Source data:
Segment Open

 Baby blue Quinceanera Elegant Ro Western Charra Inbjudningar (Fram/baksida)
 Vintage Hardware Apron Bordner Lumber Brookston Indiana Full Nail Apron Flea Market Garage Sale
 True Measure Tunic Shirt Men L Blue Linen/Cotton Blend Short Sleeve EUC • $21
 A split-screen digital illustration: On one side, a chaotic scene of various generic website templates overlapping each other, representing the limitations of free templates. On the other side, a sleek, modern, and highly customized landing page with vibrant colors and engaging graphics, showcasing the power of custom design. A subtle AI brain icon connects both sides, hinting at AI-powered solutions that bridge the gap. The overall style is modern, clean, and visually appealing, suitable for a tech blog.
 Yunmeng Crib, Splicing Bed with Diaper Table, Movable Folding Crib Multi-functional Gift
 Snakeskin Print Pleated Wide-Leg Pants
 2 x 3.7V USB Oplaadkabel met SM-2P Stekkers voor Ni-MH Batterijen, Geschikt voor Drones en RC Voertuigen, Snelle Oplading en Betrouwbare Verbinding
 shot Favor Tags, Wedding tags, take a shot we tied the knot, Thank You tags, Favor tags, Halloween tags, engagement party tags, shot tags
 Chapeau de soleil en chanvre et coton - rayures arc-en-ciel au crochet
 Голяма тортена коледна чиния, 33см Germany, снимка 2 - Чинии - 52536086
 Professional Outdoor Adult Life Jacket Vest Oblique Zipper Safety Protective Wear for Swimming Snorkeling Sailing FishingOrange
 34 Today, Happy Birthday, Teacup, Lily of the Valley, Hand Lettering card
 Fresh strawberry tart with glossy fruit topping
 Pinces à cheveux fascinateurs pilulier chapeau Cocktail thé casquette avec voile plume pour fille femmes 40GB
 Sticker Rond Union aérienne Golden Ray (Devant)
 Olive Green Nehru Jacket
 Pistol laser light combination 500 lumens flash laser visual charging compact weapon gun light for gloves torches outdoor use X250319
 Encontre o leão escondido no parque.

Segment Closed

Assigned task:
Could you transcribe every record above exactly as it appears?

Problem solution:
 Baby blue Quinceanera Elegant Ro Western Charra Inbjudningar (Fram/baksida)
 Vintage Hardware Apron Bordner Lumber Brookston Indiana Full Nail Apron Flea Market Garage Sale
 True Measure Tunic Shirt Men L Blue Linen/Cotton Blend Short Sleeve EUC • $21
 A split-screen digital illustration: On one side, a chaotic scene of various generic website templates overlapping each other, representing the limitations of free templates. On the other side, a sleek, modern, and highly customized landing page with vibrant colors and engaging graphics, showcasing the power of custom design. A subtle AI brain icon connects both sides, hinting at AI-powered solutions that bridge the gap. The overall style is modern, clean, and visually appealing, suitable for a tech blog.
 Yunmeng Crib, Splicing Bed with Diaper Table, Movable Folding Crib Multi-functional Gift
 Snakeskin Print Pleated Wide-Leg Pants
 2 x 3.7V USB Oplaadkabel met SM-2P Stekkers voor Ni-MH Batterijen, Geschikt voor Drones en RC Voertuigen, Snelle Oplading en Betrouwbare Verbinding
 shot Favor Tags, Wedding tags, take a shot we tied the knot, Thank You tags, Favor tags, Halloween tags, engagement party tags, shot tags
 Chapeau de soleil en chanvre et coton - rayures arc-en-ciel au crochet
 Голяма тортена коледна чиния, 33см Germany, снимка 2 - Чинии - 52536086
 Professional Outdoor Adult Life Jacket Vest Oblique Zipper Safety Protective Wear for Swimming Snorkeling Sailing FishingOrange
 34 Today, Happy Birthday, Teacup, Lily of the Valley, Hand Lettering card
 Fresh strawberry tart with glossy fruit topping
 Pinces à cheveux fascinateurs pilulier chapeau Cocktail thé casquette avec voile plume pour fille femmes 40GB
 Sticker Rond Union aérienne Golden Ray (Devant)
 Olive Green Nehru Jacket
 Pistol laser light combination 500 lumens flash laser visual charging compact weapon gun light for gloves torches outdoor use X250319
 Encontre o leão escondido no parque.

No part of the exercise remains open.